Un gran defensor de un Estado pequeño y limitado, reconociendo que mientras este sea omnipotente, las libertades individuales estarían negadas. La protección a la propiedad privada era otra de sus banderas; el Estado debía ser el protector de esta, a través de la ley; al mismo tiempo debía estar muy limitado para violarla, porque ¿cómo podría el Estado defenderla si el mismo puede violarla? En este punto, Alberdi creía que el Estado podría vulnerarla sólo cuando no hubiera otra opción, en resumen, solamente pasaría sobre ella como última instancia, y al hacerlo, debería indemnizar al propietario.

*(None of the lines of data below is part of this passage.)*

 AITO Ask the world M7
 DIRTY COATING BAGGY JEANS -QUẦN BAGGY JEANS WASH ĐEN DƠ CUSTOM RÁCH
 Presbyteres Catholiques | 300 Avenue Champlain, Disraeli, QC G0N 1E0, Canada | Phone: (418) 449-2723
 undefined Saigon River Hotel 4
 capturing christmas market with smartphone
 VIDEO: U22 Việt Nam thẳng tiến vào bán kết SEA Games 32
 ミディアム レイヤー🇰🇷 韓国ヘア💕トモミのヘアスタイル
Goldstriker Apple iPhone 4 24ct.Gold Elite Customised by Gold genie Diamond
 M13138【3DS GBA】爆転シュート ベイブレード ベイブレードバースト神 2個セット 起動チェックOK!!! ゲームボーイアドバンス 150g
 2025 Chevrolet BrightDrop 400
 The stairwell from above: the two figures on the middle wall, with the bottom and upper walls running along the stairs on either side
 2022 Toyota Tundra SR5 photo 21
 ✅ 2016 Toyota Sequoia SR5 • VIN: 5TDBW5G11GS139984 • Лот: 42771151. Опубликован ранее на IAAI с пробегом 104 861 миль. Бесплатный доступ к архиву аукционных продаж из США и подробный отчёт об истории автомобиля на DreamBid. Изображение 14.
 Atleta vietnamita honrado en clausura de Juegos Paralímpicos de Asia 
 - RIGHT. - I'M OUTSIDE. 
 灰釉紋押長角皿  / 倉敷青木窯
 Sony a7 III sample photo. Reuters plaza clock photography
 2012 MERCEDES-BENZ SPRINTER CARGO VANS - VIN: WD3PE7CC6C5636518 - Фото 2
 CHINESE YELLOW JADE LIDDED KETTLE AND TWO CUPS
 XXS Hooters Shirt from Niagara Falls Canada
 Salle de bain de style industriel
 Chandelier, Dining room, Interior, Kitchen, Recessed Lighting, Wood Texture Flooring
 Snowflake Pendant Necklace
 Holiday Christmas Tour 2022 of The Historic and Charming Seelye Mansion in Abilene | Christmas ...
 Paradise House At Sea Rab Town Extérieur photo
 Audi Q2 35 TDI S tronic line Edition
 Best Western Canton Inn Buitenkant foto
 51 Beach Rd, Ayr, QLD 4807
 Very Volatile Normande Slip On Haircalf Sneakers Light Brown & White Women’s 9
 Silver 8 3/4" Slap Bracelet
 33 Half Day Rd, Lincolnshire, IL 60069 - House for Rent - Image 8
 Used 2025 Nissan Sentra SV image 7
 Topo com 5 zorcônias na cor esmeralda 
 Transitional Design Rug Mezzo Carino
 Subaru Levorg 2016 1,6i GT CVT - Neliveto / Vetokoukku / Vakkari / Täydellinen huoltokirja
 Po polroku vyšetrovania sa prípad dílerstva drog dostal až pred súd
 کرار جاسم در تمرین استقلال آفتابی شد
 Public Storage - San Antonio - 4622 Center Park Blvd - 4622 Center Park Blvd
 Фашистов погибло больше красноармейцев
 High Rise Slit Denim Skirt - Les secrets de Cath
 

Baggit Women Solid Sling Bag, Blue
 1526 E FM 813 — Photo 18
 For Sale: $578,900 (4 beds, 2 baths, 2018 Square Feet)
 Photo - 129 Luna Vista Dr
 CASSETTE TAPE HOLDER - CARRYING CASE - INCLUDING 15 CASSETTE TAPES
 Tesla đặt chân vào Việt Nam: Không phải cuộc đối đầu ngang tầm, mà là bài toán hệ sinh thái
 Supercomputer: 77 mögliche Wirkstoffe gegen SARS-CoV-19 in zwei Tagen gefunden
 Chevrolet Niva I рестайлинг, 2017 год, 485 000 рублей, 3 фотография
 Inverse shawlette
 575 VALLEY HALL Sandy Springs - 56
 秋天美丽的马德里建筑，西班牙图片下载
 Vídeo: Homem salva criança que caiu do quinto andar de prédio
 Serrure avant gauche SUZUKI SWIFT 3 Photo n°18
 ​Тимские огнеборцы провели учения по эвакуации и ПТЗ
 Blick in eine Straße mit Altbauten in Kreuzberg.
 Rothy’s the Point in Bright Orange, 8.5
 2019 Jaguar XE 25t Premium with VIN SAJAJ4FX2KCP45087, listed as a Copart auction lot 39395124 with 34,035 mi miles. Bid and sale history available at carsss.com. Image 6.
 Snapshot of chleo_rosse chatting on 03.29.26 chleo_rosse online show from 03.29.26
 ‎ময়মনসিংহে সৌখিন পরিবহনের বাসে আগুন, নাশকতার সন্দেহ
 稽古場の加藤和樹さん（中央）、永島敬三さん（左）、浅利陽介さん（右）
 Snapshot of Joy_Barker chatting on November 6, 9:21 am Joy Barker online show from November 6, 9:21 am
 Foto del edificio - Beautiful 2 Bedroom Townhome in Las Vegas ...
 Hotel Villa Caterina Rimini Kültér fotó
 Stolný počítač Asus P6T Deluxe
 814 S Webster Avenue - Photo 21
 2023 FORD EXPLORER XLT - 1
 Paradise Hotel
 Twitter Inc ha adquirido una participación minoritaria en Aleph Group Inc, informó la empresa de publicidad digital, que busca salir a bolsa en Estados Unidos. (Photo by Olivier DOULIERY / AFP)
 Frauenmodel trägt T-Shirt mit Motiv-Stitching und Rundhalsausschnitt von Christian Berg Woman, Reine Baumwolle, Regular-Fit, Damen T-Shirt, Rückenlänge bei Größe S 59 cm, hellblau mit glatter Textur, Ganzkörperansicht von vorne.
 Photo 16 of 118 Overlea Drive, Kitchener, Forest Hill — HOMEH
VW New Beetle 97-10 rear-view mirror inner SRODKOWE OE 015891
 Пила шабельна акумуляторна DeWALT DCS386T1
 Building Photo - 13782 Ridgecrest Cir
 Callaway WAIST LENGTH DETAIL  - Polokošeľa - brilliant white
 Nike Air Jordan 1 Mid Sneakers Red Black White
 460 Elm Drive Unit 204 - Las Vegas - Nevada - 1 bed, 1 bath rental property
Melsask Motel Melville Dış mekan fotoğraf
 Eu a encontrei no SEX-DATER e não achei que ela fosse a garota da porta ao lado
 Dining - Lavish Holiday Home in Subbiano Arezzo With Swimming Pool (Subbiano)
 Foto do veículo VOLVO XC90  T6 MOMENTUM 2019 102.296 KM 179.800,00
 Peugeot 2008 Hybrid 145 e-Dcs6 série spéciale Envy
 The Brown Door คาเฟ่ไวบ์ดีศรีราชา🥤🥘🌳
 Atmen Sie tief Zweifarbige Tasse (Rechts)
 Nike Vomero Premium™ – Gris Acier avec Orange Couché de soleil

“Hay que combatir el hambre y la ignorancia…”. Defensor de la educación laica, no sólo que no tenga la influencia de la iglesia, sino también del Estado, porque cuando el Estado quiere educar, termina educando el gobierno (parafraseando su idea final). Creía que la mejor educación era la práctica, ya que esta prepararía a las personas para ser mejores profesionales.
En contra de la toma de deuda innecesaria, tanto externa (préstamos) e interna (emisión monetaria). Alberdi crítica estas decisiones, ya que llevan al país a una crisis crónica; advierte que estas medidas causan una corrupción no sólo política y económica, sino de valores, ya que se gasta sin haber generado y se abandona el trabajo como medio de generar riqueza.
Tal vez haya razones más concretas para denominarlo prócer, pero no es necesario hacerlo, lo de mayor importancia es transmitir sus ideas y que las personas vean que hubo alguien, así como San Martín, que luchó (de una manera más intelectual) para que Argentina y sus habitantes sean libres de desarrollar sus sueños y metas.